PandoraPartyProject
『魔法使い』と異なる世界
――元の世界に戻れるならどうする?
それはR.O.Oで入手したデータを元に境界図書館での事象を研究していた佐伯操の言だった。
帰るという選択を行なう者も居れば、この混沌に残りたいと口にするものだっているだろう。
その選択は人それぞれ、自由であるべきだ。操の傍には期間を心待ちにするものも居れば、世界がどの様な絡繰りで動いているのかを解き明かしたいと言うだけの者だっている。
「混沌と行き来が自在になる可能性だってあるだろう。まあ、どうなるかはその時次第だが」
夢物語を語るようにそう言った。このプーレルジールが『特異』なだけなのだろう。
世界を渡るという事は出来やしない。幾つものライブノベルを見てきた回言 世界(p3p007315)は一冊の書物を読み解くように無数の異世界を眺めて遣ってきた。
「戻れるとは限れないし、その情報が得れるのかも分からないか」
「ああ。『難しい理由』くらいは得ておきたいが。
……まあ、単純な異世界旅行として楽しむ気概は持ち合わせておきたいものだな。
最も、此処で彼方を放置して『異世界からの進軍が可能だ』と言われたら頭を抱えたくなる。芽は摘むべきだ」
操は椅子に深く腰掛けながらそう言った。世界は傍らで俯いていたクレカを一瞥し眉を顰める。
「何か困りごとでも?」
「ううん。異世界から、来るのかなって思うと放っても置けないんだね」
「ああ。『IF(もしかしたら)』と言ってR.O.O等でも度々観測してきたとしても、それは所詮は只のデータだった。
だが、『IF(ありえたかもしれないもの)』は異世界に別物で存在して居る。それは、同一種ではなく別個のもので――」
「うん。別物だから、きっと、私達の知っている者じゃなくなってる」
「だろうな。それでそれ以上に何か心配が?」
「……ううん、ただ、ちょっと」
ちょっとだけ――『生身のまま』で世界を跨ぐ事が恐ろしく感じられただけだった。
そんな操と世界との会話を思い出してからクレカは小さく息を吐いた。
「恐ろしいと言って居たが綺麗なところだな」
「……うん、でも『この世界は滅びに面してる』らしい、どうしてかは、分からないけど。
だから、知らなくちゃならないね。この世界のことを……」
クレカは世界と共にギーコの説明を受けてからギャルリ・ド・プリエを見回していた。
美しい回廊に人工太陽の眩い光に焦がれるように視線を送る。
ふと、その視線の先に『知り合い』に良く似た姿の誰かがいた気がしてクレカは「あ」と声を漏した。
「……待って」
手を伸ばすが、声は届いていない。前のめりの姿勢になったクレカへと「どうかしましたか」と声を掛けたのはグリーフ・ロス(p3p008615)その人だった。
「グリーフ……」
「何か探していたのか」
「世界も、……その、グリーフに良く似た人が居た気がして」
ぴくり、とグリーフの肩が揺らいだ。『この世界は混沌に密接に通じている』という。
何処からか、迷い混む者が居る可能性だってある。
グリーフ・ロスは秘宝種だ。ニーヴィアというアルビノの女性を模した機械人形である。
つまり、グリーフはクレカと同じように人の手によって作られた存在であり、この世界では『心なし(ゼロ・クール)』と呼ばれる機械人形に分類される可能性もある。
「……まさか……?」
そんな、まさかが有り得てしまう『かも』しれないのだ。
この地に、秘宝種を造った者が迷い混んでいたならば。逆説的に『この地で造られてから混沌に飲み込まれていたならば』。

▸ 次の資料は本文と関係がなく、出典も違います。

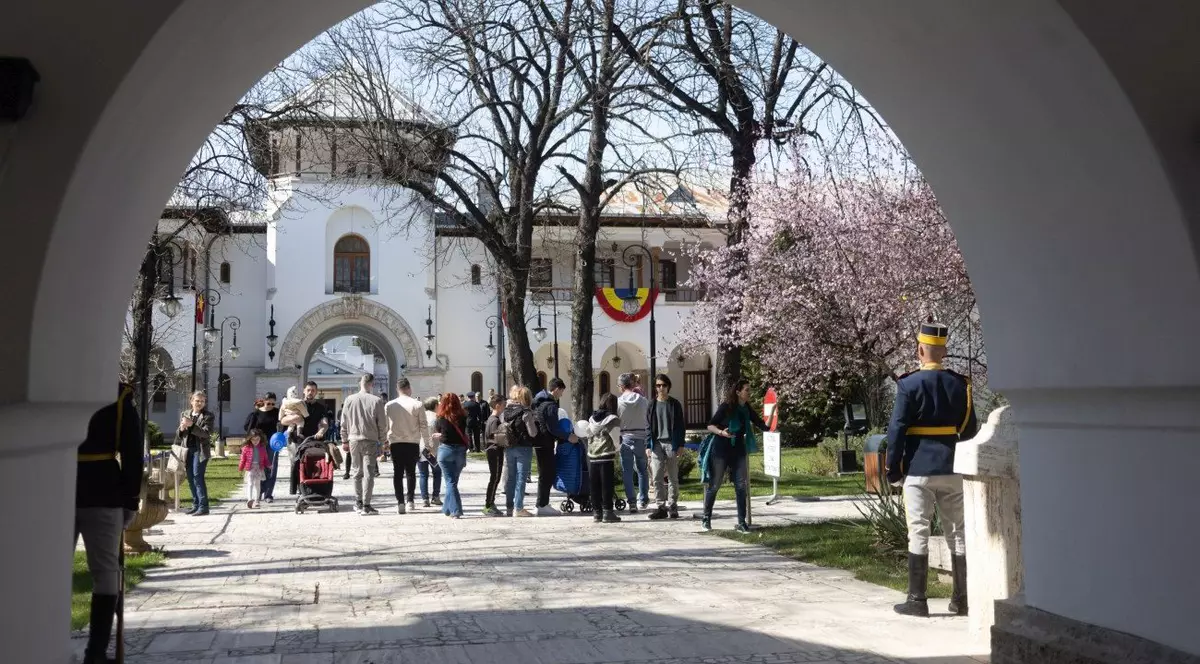Evenimentul „Porţi deschise la Palatul Cotroceni” a fost inaugurat de Ilie Bolojan când a preluat mandatul de președinte interimar și a durat trei luni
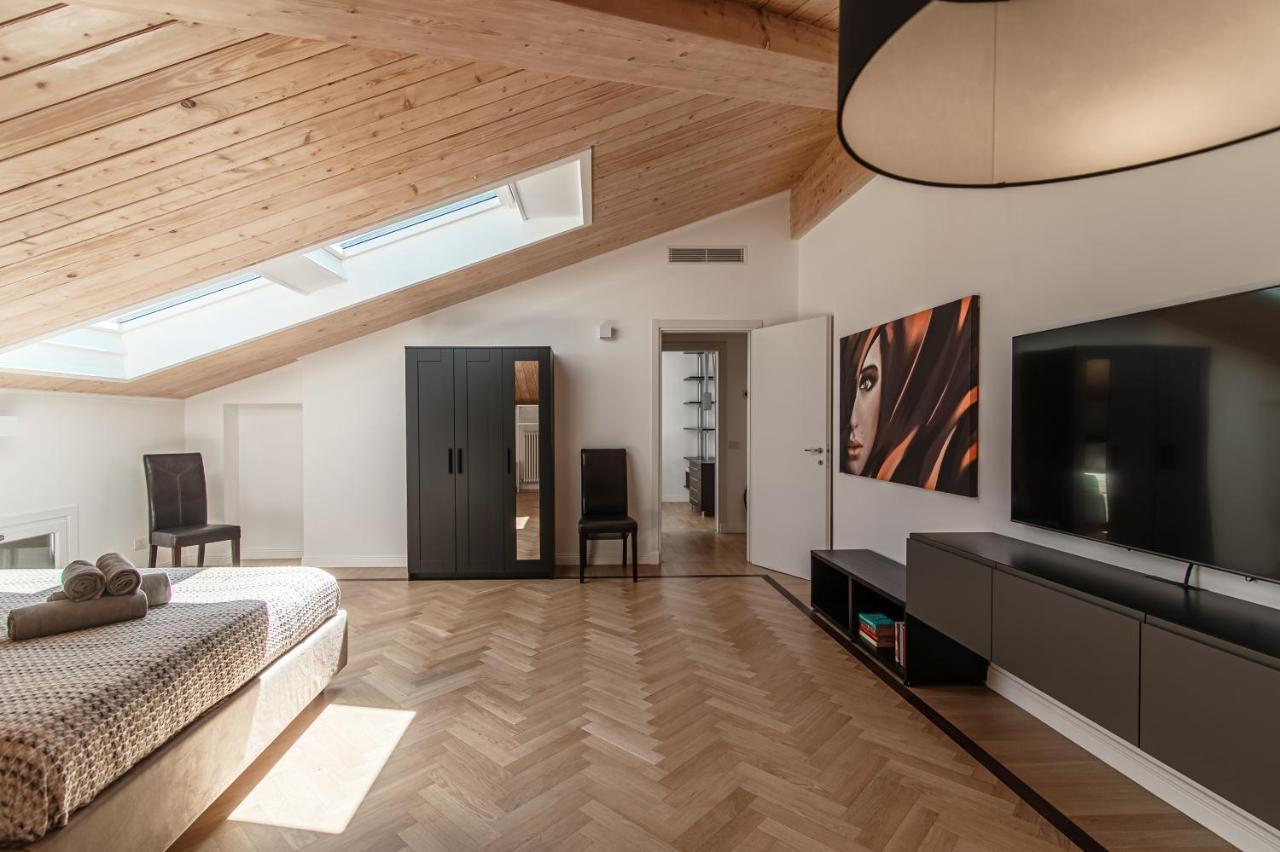 Апартаменти Attic 64 - The House Of Travelers Комо Екстер'єр фото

その何方もが有り得る可能性がある。魔法使いと呼ばれた職人達がこのプーレルジールから技術を送り出し、果ての迷宮を『掘り進んだ』事で秘宝種が混沌世界に飲み込まれたとすれば。
「グリーフの、『お父様(マスター)』も此処に居るかもしれないね」
「……そう、かもしれませんね」
グリーフは嫌な気配が背中にぴたりと張り付いている気がした。
――愛しているよ、ニア。
その言葉だけが背中に張り付いている。
自壊するための言葉。ニーヴィアとして認められなかった『機械人形』のなれはてへの唯一の情け。
「グリーフ」
「……いいえ」
秘宝種のルーツだって、此処にあるかも知れない。
魔法使い達の元に『迷い混んでしまった』誰かが作り出した命。
「少し長い一日になりそうですね」
グリーフはそう囁いてから、クレカの視線の先を眺めてから目を伏せた。